═════ Information given ═════
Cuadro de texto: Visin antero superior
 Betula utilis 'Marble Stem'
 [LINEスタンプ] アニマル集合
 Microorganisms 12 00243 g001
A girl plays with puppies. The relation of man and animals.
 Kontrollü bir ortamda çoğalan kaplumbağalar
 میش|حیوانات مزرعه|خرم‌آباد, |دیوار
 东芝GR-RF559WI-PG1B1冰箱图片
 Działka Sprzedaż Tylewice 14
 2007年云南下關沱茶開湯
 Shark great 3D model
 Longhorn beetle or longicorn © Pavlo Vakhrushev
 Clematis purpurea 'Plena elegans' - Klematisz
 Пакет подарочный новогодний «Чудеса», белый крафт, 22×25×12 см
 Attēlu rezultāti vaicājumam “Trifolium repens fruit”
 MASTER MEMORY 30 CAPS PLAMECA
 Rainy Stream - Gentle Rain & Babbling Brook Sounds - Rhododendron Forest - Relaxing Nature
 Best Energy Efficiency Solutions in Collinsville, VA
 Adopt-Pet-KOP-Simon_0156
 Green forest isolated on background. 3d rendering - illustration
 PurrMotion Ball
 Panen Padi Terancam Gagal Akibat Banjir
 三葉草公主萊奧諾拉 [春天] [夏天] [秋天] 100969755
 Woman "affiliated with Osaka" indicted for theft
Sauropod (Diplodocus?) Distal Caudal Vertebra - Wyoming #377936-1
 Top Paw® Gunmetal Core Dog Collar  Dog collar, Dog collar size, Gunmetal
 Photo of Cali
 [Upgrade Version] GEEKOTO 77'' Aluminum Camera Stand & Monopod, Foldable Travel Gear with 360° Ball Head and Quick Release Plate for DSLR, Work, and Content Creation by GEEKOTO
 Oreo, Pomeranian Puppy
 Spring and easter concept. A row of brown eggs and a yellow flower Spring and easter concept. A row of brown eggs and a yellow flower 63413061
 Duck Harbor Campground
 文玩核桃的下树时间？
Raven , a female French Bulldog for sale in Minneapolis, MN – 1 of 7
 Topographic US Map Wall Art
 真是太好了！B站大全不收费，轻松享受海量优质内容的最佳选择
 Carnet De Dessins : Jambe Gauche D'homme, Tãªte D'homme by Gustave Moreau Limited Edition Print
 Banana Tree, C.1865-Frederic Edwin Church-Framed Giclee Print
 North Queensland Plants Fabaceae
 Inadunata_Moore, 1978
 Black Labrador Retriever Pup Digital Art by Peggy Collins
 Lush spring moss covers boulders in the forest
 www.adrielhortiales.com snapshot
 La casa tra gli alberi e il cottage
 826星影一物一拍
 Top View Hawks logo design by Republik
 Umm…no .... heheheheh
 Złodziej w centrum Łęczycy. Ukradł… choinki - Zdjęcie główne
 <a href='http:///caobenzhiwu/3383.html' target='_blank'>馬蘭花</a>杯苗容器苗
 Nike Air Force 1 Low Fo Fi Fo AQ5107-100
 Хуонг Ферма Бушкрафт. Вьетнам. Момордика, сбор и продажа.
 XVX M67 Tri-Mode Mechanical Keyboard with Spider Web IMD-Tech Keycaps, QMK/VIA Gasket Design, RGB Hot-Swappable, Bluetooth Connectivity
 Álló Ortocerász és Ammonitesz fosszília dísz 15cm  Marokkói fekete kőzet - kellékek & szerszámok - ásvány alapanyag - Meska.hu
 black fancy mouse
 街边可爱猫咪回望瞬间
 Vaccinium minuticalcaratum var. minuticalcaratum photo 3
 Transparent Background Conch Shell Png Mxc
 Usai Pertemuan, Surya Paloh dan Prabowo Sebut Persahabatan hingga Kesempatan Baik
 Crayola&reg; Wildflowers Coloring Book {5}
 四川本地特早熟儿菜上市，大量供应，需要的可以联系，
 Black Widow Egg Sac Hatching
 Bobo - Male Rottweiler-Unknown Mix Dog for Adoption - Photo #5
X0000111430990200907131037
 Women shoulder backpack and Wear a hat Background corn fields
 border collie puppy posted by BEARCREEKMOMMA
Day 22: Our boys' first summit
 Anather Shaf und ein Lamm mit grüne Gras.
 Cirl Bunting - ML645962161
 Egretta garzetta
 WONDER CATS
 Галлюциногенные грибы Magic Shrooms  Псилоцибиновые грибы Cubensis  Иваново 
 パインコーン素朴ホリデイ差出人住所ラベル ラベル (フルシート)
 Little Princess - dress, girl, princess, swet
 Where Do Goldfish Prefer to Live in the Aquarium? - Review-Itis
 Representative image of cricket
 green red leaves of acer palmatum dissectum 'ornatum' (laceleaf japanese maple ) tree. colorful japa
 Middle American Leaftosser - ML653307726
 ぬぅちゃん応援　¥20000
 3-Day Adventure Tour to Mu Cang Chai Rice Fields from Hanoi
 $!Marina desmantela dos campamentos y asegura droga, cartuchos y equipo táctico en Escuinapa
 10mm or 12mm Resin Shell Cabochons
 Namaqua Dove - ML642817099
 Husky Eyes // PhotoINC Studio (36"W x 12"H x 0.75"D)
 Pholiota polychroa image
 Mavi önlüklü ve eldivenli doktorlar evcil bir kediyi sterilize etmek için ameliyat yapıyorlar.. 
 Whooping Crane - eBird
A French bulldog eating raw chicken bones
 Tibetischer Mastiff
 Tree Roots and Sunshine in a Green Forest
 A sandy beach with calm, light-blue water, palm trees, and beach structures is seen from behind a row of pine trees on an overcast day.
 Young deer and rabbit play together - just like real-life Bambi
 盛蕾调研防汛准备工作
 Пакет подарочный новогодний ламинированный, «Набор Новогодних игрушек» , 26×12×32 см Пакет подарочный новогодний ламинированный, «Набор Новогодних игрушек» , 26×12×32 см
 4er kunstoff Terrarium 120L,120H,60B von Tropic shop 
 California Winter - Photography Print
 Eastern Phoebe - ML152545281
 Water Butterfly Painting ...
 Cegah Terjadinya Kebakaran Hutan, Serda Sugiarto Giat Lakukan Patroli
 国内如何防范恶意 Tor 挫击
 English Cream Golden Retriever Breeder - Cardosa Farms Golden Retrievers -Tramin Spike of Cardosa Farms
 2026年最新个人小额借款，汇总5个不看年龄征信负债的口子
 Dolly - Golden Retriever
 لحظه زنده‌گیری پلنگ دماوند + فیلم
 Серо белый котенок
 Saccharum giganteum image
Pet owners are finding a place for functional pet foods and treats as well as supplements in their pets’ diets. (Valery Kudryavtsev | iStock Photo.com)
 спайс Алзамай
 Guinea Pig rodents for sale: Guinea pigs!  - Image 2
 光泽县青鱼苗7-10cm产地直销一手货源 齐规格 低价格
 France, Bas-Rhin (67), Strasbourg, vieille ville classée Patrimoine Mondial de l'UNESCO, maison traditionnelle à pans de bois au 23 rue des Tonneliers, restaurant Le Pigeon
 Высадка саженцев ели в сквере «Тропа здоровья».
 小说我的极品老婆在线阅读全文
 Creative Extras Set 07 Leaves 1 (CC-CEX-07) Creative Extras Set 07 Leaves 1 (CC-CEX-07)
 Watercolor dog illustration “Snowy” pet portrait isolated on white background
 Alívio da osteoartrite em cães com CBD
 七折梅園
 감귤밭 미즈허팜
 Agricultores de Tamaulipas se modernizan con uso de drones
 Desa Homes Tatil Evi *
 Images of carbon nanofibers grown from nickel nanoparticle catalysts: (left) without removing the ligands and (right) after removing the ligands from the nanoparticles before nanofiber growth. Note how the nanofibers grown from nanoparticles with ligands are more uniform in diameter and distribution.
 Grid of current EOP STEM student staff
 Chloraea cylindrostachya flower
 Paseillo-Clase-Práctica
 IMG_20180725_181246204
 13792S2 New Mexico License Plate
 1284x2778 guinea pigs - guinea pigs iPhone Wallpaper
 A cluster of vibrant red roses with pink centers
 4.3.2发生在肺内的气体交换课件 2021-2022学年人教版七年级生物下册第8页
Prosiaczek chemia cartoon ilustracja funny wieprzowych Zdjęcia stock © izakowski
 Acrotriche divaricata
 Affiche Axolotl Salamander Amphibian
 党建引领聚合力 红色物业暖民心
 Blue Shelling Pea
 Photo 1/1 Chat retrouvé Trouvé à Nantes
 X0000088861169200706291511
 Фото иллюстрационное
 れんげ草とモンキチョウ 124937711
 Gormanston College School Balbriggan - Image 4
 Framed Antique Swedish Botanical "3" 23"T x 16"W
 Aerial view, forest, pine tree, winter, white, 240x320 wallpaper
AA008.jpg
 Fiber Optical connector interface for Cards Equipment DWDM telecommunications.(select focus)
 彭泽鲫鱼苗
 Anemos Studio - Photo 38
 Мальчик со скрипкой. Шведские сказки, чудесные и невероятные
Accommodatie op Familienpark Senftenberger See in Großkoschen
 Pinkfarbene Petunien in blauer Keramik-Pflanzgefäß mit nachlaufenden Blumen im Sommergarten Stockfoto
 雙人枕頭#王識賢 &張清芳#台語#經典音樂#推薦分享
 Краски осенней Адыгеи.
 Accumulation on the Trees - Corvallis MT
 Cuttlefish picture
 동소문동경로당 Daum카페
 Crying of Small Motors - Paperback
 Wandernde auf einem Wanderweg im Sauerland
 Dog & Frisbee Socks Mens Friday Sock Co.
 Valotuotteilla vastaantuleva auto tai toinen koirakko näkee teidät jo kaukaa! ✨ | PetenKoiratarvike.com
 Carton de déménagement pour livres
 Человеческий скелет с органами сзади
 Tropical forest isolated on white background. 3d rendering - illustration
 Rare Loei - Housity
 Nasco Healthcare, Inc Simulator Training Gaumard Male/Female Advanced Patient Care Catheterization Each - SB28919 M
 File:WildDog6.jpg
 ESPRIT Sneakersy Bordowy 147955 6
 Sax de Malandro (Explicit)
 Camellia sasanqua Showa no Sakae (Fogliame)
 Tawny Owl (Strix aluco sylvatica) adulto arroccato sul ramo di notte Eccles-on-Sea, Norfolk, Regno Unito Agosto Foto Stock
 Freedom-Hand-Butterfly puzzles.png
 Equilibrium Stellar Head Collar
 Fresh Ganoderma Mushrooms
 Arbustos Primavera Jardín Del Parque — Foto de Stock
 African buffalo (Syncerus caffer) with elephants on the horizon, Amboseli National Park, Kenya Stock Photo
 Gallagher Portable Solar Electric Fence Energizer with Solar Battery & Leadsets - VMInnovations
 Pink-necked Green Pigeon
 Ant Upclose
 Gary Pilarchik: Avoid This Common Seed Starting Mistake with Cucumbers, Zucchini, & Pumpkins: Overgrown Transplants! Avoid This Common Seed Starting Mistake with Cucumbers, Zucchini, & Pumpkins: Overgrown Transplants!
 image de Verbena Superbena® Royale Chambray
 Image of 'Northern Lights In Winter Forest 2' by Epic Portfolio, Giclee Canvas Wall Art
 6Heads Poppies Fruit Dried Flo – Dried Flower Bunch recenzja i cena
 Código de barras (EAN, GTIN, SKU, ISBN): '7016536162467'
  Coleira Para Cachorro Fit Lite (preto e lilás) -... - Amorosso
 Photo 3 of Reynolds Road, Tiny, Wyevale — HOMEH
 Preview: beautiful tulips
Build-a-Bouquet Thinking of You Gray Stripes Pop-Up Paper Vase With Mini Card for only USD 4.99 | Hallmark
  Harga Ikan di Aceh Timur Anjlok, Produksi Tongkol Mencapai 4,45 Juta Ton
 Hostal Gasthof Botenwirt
═════
The expected answer is an exact copy of the lines above, beginning at the line with "Blue Shelling Pea" and ending at the line with "File:WildDog6.jpg", with both ends in.

 Blue Shelling Pea
 Photo 1/1 Chat retrouvé Trouvé à Nantes
 X0000088861169200706291511
 Фото иллюстрационное
 れんげ草とモンキチョウ 124937711
 Gormanston College School Balbriggan - Image 4
 Framed Antique Swedish Botanical "3" 23"T x 16"W
 Aerial view, forest, pine tree, winter, white, 240x320 wallpaper
AA008.jpg
 Fiber Optical connector interface for Cards Equipment DWDM telecommunications.(select focus)
 彭泽鲫鱼苗
 Anemos Studio - Photo 38
 Мальчик со скрипкой. Шведские сказки, чудесные и невероятные
Accommodatie op Familienpark Senftenberger See in Großkoschen
 Pinkfarbene Petunien in blauer Keramik-Pflanzgefäß mit nachlaufenden Blumen im Sommergarten Stockfoto
 雙人枕頭#王識賢 &張清芳#台語#經典音樂#推薦分享
 Краски осенней Адыгеи.
 Accumulation on the Trees - Corvallis MT
 Cuttlefish picture
 동소문동경로당 Daum카페
 Crying of Small Motors - Paperback
 Wandernde auf einem Wanderweg im Sauerland
 Dog & Frisbee Socks Mens Friday Sock Co.
 Valotuotteilla vastaantuleva auto tai toinen koirakko näkee teidät jo kaukaa! ✨ | PetenKoiratarvike.com
 Carton de déménagement pour livres
 Человеческий скелет с органами сзади
 Tropical forest isolated on white background. 3d rendering - illustration
 Rare Loei - Housity
 Nasco Healthcare, Inc Simulator Training Gaumard Male/Female Advanced Patient Care Catheterization Each - SB28919 M
 File:WildDog6.jpg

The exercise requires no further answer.